### What the task asks
If an entry holds a picture, leave that picture out and reproduce everything else exactly.

### Provided records
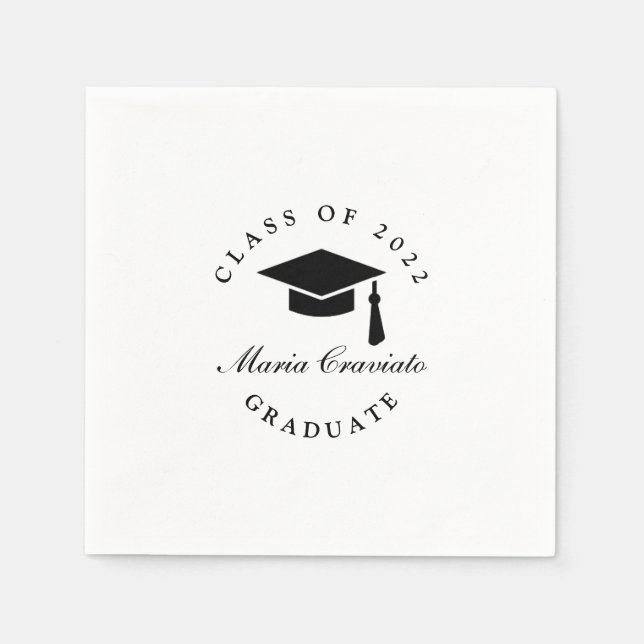 Papel Servilleta de graduación con guión clásico (Anverso)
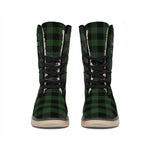 Green And Black Buffalo Plaid Print Winter Boots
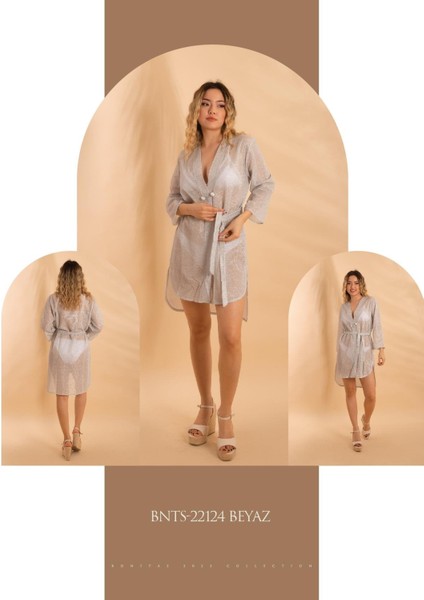 Düğmeli Simli Pareo 22124 - Beyaz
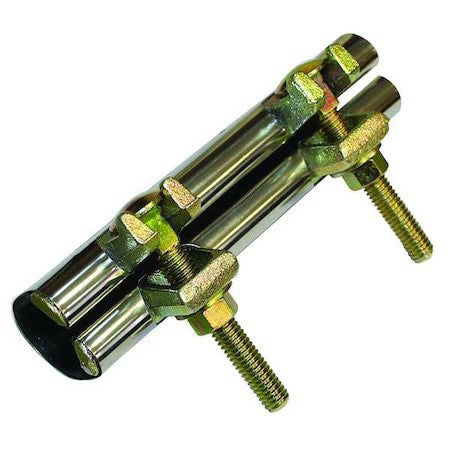 Zoro Select 24T957 Repair Clamp,Two Bolt,1-1/4 In,304 Ss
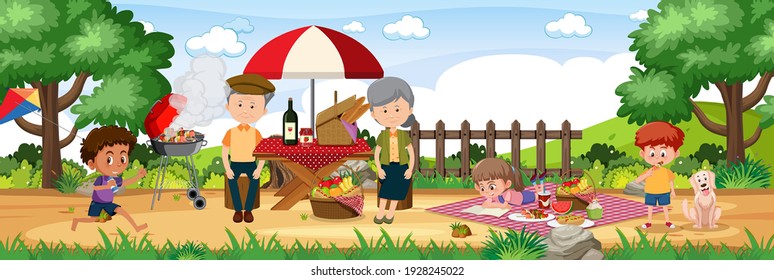 Picnic outdoor scene with happy family illustration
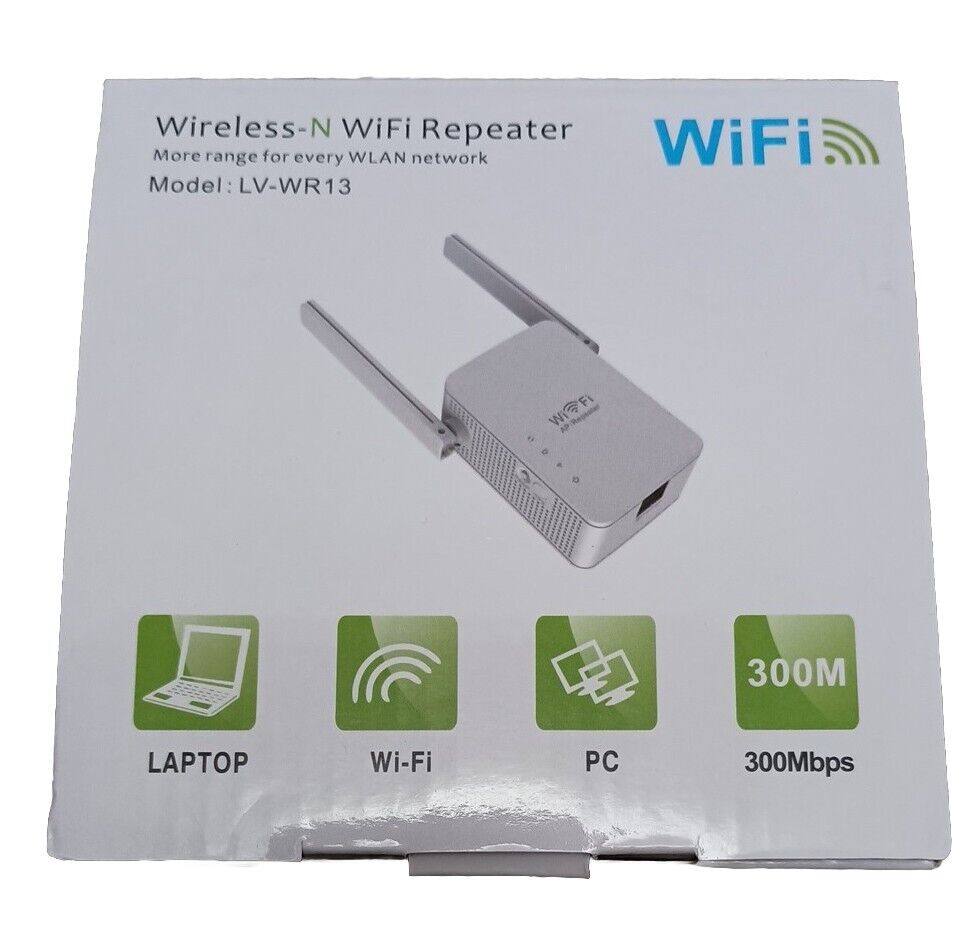 Wireless-N WiFi repeater Model LV-WR13 Range Booster For WLAN Networks Brand New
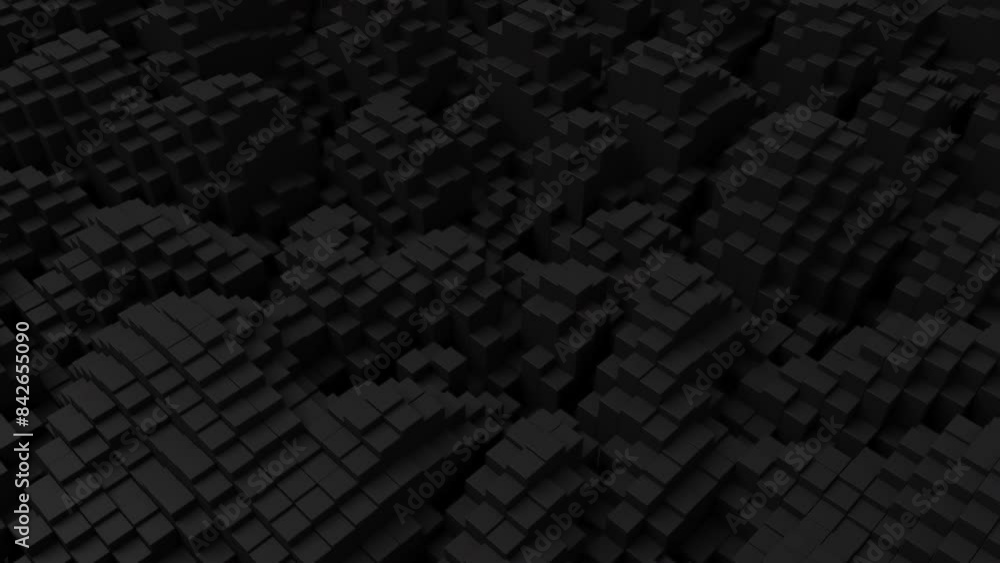 Aufkleber Ripples on grid of black blocks abstract background. Loop of waves of square columns. Voxel noise backdrop.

### Exercise solution
 Papel Servilleta de graduación con guión clásico (Anverso)
 Green And Black Buffalo Plaid Print Winter Boots
 Düğmeli Simli Pareo 22124 - Beyaz
 Zoro Select 24T957 Repair Clamp,Two Bolt,1-1/4 In,304 Ss
 Picnic outdoor scene with happy family illustration
 Wireless-N WiFi repeater Model LV-WR13 Range Booster For WLAN Networks Brand New
 Aufkleber Ripples on grid of black blocks abstract background. Loop of waves of square columns. Voxel noise backdrop.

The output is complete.